Parity is a rather subtle concept and has no classical analogue. It is concerned with the behaviour of wave function under space inversion. Two kinds of parity actually correspond to two different kinds of quantum wave function for a particle.
- Symmetric wave function. Wave functions for which the value at the point (-x, -y, -z) is the same as at the point (x, y, z) are known as symmetric wave functions.
- Antisymmetric wave function. Wave functions for which the value at the point (-x, -y, -z) is minus the value as at the point (x, y, z) are known as symmetric wave functions.
Parity reversal is equivalent to a particle in a mirror. One effect of this is to reverse the spin of the particle.
A parity transformation (also called parity inversion) is the flip in the sign of one spatial coordinate. This is equivalent to studying the mirror image of the original system. It was originally assumed that parity must be conserved in all particle interactions, but it was demonstrated that parity does not have to be conserved in beta decay.

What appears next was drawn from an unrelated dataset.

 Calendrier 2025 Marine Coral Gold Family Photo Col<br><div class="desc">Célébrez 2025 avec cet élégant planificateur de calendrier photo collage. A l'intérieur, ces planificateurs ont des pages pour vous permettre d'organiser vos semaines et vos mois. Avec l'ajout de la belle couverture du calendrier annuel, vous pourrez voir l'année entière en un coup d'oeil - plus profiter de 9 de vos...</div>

It had been found that the kaon, K (positive or negative), could decay in two different ways, one that produced three pions, the other only two pions. In order to account for this anomaly, Lee and Yang (physicists who were awarded the Nobel prize in 1957) postulated that parity is not conserved in processes of this type. This interaction (the decay of kaon particle) is known as the weak interaction.
Another transformation that is not conserved by the weak interaction is charge conjugation, usually symbolised by the letter C, under which all the particles in a system are replaced by their corresponding antiparticles, without making any other change.